La ministre fait valoir qu’il faut laisser le temps aux mesures en place de produire les effets escomptés, en évoquant par exemple le plan d’action en électrification des transports et la norme véhicules zéro émission. Cette dernière est entrée en vigueur le 11 janvier dernier et devrait permettre d’accroître l’offre de véhicules électriques chez les concessionnaires québécois.

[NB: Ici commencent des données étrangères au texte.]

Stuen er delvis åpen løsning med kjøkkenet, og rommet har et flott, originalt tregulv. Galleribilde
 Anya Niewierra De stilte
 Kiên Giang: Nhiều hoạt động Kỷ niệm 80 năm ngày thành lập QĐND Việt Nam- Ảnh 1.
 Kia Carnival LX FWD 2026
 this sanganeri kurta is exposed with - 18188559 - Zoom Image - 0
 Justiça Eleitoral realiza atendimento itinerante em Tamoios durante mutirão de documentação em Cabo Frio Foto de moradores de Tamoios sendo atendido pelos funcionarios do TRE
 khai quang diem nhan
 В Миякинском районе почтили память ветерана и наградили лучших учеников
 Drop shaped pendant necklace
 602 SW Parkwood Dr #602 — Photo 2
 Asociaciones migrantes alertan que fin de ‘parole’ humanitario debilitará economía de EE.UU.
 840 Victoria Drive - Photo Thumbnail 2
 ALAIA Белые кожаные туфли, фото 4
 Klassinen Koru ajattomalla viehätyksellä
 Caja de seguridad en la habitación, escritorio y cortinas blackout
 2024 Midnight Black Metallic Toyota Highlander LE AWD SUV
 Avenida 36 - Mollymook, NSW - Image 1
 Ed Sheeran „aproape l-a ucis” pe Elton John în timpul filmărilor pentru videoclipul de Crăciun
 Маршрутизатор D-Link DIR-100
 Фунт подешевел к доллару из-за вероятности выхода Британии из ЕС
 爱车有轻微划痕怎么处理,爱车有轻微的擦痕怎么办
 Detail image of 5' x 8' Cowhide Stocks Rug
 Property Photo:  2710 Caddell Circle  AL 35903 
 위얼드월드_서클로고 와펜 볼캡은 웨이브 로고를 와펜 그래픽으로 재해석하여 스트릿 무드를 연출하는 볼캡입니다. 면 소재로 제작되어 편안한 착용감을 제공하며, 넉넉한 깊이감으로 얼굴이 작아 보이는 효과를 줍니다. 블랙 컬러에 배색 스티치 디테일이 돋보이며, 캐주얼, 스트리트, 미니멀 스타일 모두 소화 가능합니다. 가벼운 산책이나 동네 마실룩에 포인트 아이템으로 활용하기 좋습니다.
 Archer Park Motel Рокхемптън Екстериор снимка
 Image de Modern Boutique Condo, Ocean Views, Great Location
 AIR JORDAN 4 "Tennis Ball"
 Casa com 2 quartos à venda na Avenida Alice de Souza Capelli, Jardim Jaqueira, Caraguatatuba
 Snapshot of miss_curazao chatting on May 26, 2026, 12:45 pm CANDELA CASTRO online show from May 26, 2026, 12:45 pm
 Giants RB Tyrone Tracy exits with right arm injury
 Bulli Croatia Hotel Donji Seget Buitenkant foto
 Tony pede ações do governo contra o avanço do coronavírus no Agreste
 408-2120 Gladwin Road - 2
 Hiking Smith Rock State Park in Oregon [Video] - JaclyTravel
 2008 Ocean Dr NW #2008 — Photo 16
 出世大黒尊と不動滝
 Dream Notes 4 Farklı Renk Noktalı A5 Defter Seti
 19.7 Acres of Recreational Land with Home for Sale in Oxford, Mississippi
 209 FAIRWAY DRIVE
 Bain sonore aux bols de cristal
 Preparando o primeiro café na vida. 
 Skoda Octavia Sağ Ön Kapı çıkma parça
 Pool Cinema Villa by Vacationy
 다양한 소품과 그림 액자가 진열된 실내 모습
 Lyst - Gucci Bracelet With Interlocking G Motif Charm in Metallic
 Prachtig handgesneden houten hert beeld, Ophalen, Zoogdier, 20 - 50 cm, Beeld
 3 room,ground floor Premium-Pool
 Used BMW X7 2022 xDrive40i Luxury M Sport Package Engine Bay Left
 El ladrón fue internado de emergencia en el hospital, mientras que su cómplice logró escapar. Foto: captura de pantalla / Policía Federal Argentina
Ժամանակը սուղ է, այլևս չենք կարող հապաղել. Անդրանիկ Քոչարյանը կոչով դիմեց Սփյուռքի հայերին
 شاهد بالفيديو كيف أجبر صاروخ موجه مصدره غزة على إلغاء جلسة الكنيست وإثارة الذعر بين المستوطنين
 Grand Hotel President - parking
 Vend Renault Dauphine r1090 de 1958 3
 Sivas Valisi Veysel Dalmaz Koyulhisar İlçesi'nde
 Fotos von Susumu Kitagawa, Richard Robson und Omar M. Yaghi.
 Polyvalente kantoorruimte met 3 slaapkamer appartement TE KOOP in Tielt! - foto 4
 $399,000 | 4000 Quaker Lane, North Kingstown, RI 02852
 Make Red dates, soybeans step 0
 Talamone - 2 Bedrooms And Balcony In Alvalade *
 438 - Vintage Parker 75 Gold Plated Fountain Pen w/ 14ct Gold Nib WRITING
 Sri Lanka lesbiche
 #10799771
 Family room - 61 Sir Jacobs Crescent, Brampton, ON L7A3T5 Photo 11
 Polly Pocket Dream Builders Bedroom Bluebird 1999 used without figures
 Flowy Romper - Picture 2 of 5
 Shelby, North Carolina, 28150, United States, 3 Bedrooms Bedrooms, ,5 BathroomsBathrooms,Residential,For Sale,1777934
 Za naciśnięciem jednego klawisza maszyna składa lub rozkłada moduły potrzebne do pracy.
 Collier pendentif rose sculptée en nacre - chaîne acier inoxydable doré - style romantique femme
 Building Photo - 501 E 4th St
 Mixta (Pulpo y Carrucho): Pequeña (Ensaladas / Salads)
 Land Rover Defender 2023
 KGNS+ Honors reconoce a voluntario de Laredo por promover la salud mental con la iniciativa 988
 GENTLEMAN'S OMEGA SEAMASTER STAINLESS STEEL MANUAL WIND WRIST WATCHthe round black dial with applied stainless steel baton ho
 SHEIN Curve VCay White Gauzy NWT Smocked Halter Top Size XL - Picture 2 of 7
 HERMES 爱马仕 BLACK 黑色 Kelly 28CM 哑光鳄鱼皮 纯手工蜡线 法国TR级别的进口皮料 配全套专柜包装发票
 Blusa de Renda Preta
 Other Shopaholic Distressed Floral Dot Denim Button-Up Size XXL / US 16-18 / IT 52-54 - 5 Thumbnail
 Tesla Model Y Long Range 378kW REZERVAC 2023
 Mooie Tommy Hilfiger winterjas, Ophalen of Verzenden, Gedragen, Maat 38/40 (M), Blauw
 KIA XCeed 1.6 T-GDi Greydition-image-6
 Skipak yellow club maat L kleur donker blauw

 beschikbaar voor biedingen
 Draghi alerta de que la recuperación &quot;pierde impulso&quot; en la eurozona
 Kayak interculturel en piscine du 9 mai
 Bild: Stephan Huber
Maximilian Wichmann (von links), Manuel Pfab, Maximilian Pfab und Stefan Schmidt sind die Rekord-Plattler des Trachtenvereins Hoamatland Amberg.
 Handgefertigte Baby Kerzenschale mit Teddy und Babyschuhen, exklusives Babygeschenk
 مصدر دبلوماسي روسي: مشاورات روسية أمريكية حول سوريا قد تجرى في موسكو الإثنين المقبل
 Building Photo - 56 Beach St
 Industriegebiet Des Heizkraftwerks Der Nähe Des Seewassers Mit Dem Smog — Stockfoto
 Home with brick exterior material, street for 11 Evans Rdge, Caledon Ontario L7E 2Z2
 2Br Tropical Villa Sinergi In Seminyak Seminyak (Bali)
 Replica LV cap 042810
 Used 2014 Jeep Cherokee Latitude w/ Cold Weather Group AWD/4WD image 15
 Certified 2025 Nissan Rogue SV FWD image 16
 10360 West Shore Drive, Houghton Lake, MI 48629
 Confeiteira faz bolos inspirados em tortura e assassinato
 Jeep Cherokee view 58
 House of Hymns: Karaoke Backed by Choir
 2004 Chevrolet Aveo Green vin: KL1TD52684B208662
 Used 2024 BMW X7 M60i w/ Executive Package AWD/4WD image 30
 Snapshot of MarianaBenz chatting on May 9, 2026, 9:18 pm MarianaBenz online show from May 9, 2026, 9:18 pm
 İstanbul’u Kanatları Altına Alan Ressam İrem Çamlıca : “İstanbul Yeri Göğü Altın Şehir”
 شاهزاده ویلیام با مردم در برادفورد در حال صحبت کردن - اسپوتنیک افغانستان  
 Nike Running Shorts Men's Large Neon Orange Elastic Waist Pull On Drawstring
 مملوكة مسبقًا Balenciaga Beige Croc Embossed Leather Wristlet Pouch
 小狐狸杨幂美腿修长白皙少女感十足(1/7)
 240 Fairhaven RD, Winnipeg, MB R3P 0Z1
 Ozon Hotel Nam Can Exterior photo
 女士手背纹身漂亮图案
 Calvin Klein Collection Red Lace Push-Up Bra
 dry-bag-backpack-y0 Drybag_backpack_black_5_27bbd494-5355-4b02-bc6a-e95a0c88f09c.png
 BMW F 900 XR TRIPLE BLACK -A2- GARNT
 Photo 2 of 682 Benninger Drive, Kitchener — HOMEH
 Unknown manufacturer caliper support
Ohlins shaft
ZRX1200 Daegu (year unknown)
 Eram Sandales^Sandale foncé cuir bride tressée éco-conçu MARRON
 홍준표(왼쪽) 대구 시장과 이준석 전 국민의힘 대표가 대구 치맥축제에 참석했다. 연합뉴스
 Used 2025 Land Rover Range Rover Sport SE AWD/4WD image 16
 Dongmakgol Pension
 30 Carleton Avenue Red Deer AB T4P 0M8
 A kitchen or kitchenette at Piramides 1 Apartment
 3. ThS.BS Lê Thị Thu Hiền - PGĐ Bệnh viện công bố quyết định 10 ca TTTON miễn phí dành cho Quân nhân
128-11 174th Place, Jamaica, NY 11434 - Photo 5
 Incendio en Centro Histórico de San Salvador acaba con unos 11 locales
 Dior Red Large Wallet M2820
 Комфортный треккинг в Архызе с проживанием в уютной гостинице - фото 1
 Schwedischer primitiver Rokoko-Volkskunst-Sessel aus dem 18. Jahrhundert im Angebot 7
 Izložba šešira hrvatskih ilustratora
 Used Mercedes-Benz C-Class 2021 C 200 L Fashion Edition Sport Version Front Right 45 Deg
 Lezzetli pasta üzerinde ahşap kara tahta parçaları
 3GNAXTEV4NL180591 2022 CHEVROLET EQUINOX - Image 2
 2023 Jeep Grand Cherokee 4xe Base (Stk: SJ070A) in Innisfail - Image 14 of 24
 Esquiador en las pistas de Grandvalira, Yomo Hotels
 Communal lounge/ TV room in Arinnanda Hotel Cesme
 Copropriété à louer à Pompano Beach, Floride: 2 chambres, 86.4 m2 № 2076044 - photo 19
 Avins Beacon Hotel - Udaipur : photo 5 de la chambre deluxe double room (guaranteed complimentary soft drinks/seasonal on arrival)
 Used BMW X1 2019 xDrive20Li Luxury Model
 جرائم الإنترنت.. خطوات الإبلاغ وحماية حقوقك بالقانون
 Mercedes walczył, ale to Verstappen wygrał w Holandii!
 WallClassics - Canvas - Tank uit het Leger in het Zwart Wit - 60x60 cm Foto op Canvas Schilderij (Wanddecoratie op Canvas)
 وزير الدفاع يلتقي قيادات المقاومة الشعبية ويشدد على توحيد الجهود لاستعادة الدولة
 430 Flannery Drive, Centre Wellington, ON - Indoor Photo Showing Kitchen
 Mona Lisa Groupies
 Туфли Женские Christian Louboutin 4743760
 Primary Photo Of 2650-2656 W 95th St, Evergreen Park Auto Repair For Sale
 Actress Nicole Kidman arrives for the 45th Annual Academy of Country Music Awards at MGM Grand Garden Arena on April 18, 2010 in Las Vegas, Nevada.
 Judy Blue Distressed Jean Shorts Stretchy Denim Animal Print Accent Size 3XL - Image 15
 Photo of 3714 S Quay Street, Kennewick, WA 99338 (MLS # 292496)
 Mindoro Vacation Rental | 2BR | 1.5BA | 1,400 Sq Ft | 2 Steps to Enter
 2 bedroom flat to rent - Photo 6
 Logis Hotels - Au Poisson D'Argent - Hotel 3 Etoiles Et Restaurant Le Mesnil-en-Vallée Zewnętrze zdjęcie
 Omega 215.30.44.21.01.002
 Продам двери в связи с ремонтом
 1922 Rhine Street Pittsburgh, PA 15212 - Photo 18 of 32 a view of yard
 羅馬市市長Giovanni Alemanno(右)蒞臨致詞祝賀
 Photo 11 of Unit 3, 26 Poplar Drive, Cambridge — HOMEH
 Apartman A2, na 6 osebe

En fermant la porte au bonus-malus, le responsable de la campagne Climat-Énergie à Greenpeace Canada, Patrick Bonin, estime plutôt que le gouvernement Couillard « manque de volonté politique et de courage ». « Le gouvernement craint potentiellement de déplaire à un électorat qu’il veut séduire », juge-t-il.

Avec Alexandre Shields

La ministre Melançon dit « non » à l’exploitation d’énergies fossiles

S’il n’en tenait qu’à elle, la ministre de l’Environnement, Isabelle Melançon, fermerait la porte à l’exploitation des énergies fossiles au Québec. Dans le contexte des efforts supplémentaires qui doivent être faits pour lutter contre les changements climatiques, est-ce qu’il vous apparaît raisonnable ou même souhaitable d’ouvrir la porte à l’exploitation des énergies fossiles au Québec ? « Certainement pas, non », a laissé tomber vendredi la ministre Melançon. « De mon côté, les énergies fossiles, c’est non merci », a-t-elle insisté. Cette position tranche avec le point de vue défendu par le gouvernement, qui a plutôt décidé d’autoriser les projets des pétrolières et des gazières sur le territoire. Le ministre de l’Énergie et des Ressources naturelles, Pierre Moreau, doit d’ailleurs publier sous peu les règlements de mise en oeuvre de la première Loi sur les hydrocarbures de l’histoire du Québec.